Üç yüzyıl sonra torunlarını görmek nasıl bir his olmalı? Efesli Lahit Yontucusun Linus, kendi yonttuğu mavi mermerden lahiti ve torunlarını görüyor. Kimse onu hatırlamıyor. Oysa yonttuğu eseri el üstünde tutuluyor. Soyu ve eseri de onu hatırlatmaya yetmiyor.Ve insan unutandır. En iyisi iki üç göbek evvelinin adını hatırlıyor. Madem bu evler, saraylar, paralar, şanlar unutulmaya mahkûm insan ne için çabalamalı? Neye emek vermeli? Sevgiye mi?

Aşk: Âdem ve Havva’nın çocuklarına mirası. İmparator Diocletianus döneminde de üç asır sonrasında da aşk aynı: yakan, eriten, uyutmayan, acıtan… Acısı tüm yüzyıllarda kavuşamamaktan doğuyor. Yazıcı Köle Simon efendisi Hanımefendi Sabina’ya kavuşma ümidi olmadan yazdığı dizeleri üç asır sonra başka bir şairden duyuyor. Demek kelimeler, duygular değişmiyor. Aşıkların adı değişiyor sadece. Köleler ve soylular diye sınıflandırılırken insanlar zenginler ve yoksullar diye bir kast çıkıyor. Yine de bir şey farklı geliyor Yazıcı Köle Simonides’e yeni nesil aşıklar acısının dinmesini, sevgiliye kavuşmayı, rahat uyumayı istiyor. Oysa eski dünyada aşık kavuşmayı değil acısının ve aşkının artmasını dilerdi. Aşk da inanç gibi, gerçek gibi özünü yitiriyor.

Güç, yok etme güdüsü, kadına bakış tüm asırlarda aynı. İmparator Diocletianus zamanında saraylılara has olan mor kaftanlar artık kilisenin sahiplerinin üzerinde.
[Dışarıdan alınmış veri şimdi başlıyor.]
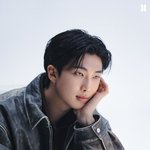 방탄 <b>알</b><b>엠</b>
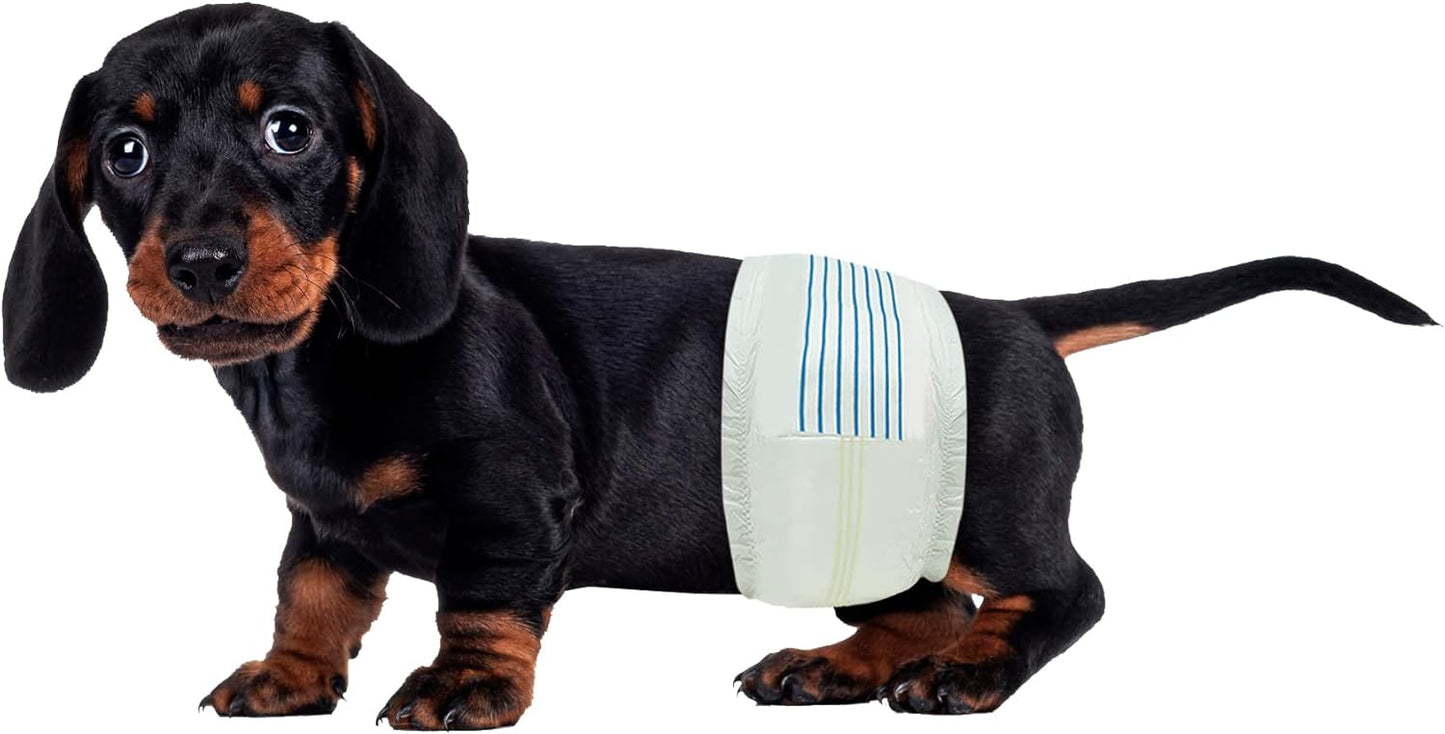 Super Absorbent Disposable Male Dog Diapers - Small (Waist 12-19 In) - 50 Count with Wetness Indicator - Adjustable Wraps for Incontinence and Training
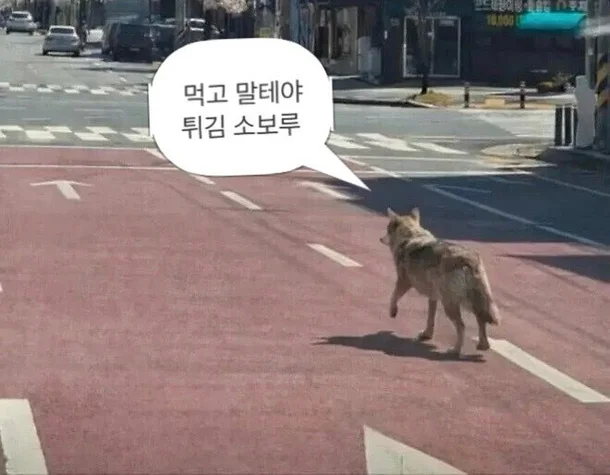 댓글 이미지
Eskiden Şifa Tapınağı’na ‘Ele en iyi nasıl çarmıh çakılır?’ sorusunun cevabını almaya gelen cellatlar üç asır sonra cadılık suçlamasıyla masum kızları çarmıha gerip diri diri yakıyor. Adalet tüm yüzyıllarda çarpık. Kuyruğunu yutan bir yılan gibi zaman. Aynı hatalar, zulümler tüm coğrafyalarda, zamanlarda tekerrür ediyor. Piskopos açıkça uyarıyor gerçeğe akılla ulaşanları ‘Durgun suya taş atmayın.’

Seneca’yı, Cicero’yu çıkaran medeniyet Colosseum’u nasıl inşa eder? Daha ileri gitmesi gereken insanlık nasıl kendini tüketiyor. ‘Acaba hepimiz hala rüyada mıyız? Diyor Kandilci Feliks. Kıyamete kadar bu düzen böyle devam eder mi? Bilmiyoruz. Bildiklerimiz gerçeğe inananlara, doğruyu çarmıha karşı savunanlara mağaralardan bir zaman tüneli açılabileceği. Zaman aşırı yolcuğun hem mükafat hem imtihan olabileceği. Keyf Suresi’ni bize hatırlattığı için Nazan Bekiroğlu’na teşekkür ediyoruz.

Kitabın altını çizdiğimiz cümlelerinden biri ‘Gün gelir hissetmediğin acının da hesabı senden sorulur. Kalbimden sorumsuzum sanma.’ Havalar ısındı, kolay okunan tatil romanları vardır muhakkak. Gün gelir Kehf Suresi de bizden sorulur. Bekiroğlu’nun yorumuyla Roma tarihine, inancına, toplumuna bakmak; Yedi Uyuyanlar’ı anlamak kıymetli. İçinde bulunduğumuz zulüm, şatafat, ego çağı ile Roma’dan az değil. Rabbine, mağaraya, doğruya sığınanlara elbet bir Kehribar Geçidi açılacaktır.